Project titleModulation of Synaptic Plasticity and Appetite Regulation by Psychedelics: Exploring New Avenues for Sustainable Weight Management
PhD labClemmensen Group, Novo Nordisk Foundation Center for Basic Metabolic Research
InstitutionUniversity of Copenhagen
Main supervisorAssociate Professor Christoffer Clemmensen
Lab rotations - pre-PhD year
Lab Rotation 1
Group of Brain Development and Disease, Department of Veterinary and Animal Sciences, University of Copenhagen w/PI Associate Professor Vanessa Hall
Lab Rotation 2
Pers Group, Novo Nordisk Foundation
Center for Basic Metabolic Research, University of Copenhagen w/PI Associate Professor Tune Pers
The Pers group focuses on identifying central processes regulating metabolic fuel homeostasis. The group utilizes different computational techniques, human genetics and single-cell sequencing data. During her rotation, Cecilie will be working on establishing a new method named inCITE-seq, which simultaneously and at the single-cell level, quantifies nuclear proteins or post-translational modifications along with genome-scale expression levels. The inCITE-seq method would enable better quantification/understanding of downstream signaling cascades in hypothalamic neurons important in energy and blood glucose control.
Lab Rotation 3
Neurobiology Research, Department of Molecular Medicine, University of Southern Denmark w/PI Assistant Professor Agnieszka Wlodarczyks
The Wlodarczyk group focuses on understanding the naturally occurring neuroprotective and immunomodulatory mechanisms induced for instance by microglia or pregnancy in the context of neurological diseases such as Multiple Sclerosis (MS), Alzheimer’s disease (AD) and normal aging. They have recently discovered a new cell population that shows neuroprotective properties, and they are now developing novel cell-based therapy that could be used in a broad range of neurological diseases.

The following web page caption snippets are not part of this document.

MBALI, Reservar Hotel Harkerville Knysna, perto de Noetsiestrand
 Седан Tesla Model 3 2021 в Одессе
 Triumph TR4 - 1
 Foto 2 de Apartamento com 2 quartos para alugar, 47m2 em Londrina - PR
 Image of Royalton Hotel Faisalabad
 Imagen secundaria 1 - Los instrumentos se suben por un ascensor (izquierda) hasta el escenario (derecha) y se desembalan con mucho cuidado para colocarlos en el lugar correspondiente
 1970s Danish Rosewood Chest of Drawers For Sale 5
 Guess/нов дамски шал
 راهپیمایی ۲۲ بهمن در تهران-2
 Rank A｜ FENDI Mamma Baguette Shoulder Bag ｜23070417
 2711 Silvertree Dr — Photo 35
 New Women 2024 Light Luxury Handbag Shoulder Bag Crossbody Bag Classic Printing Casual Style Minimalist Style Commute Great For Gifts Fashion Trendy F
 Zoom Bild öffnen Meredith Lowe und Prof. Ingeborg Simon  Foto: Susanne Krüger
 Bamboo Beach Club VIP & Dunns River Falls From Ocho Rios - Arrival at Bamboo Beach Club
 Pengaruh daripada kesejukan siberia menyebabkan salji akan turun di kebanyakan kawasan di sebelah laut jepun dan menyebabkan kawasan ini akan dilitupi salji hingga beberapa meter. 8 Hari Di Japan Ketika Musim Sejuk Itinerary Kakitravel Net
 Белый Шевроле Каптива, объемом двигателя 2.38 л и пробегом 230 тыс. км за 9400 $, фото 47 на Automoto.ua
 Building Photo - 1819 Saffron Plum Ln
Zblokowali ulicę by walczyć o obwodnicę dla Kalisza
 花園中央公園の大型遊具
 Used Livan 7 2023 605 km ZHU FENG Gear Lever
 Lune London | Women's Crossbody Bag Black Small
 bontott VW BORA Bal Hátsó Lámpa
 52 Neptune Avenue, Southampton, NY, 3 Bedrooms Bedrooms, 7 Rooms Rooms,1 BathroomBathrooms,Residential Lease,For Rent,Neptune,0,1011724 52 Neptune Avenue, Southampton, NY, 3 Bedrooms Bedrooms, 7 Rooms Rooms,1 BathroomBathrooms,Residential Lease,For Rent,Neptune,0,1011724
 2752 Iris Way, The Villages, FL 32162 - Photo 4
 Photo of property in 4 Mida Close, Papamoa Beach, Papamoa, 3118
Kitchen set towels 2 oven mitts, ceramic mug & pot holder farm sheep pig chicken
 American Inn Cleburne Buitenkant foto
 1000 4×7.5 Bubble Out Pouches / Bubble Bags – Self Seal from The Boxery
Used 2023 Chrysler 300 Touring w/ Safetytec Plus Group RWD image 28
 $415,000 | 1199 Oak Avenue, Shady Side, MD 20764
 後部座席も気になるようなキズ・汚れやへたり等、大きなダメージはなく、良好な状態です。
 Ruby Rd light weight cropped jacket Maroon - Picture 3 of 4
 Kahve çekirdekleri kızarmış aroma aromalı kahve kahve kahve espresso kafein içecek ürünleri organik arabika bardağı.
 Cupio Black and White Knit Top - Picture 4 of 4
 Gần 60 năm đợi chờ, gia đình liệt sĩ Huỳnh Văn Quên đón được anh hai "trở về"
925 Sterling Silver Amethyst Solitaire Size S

During this lab rotation, Cecilie will be introduced to all on-going projects in the group. She will gain hands-on experience with flow cytometry, cell sorting, in vivo experiments (including animal models of MS and AD), cell transplantation and behavioral testing.
Meet Cecilie Vad Mathiesen
Cecilie obtained her MSc in Molecular Biomedicine from the University of Copenhagen in June 2022. Since then, she has been working as a research assistant in the Clemmensen Group at the Novo Nordisk Foundation Center for Basic Metabolic Research, University of Copenhagen, where she also did her bachelor’s and master’s thesis.
Until now, Cecilie has been working in metabolism and obesity research exploring what role neuroinflammation and glial cells play in the development of obesity, and how patients dealing with obesity and/or diabetes are at a higher risk of developing Alzheimer’s disease later in life. In her master’s thesis, Cecilie investigated – in a mouse model – whether a specific obesity-treating compound had potential in treatment of Alzheimer’s disease. Put broadly, Cecilie is interested in investigating common health conditions and diseases like obesity and Alzheimer’s and the connections between them:
“These diseases impact millions of people, and at the same time, we don’t know enough about them yet. The brain is still in many ways a black box, with so much left to investigate and explore (…) there are still missing essential pieces in the make-up of these diseases before we will be able to find sustainable treatments in the future.”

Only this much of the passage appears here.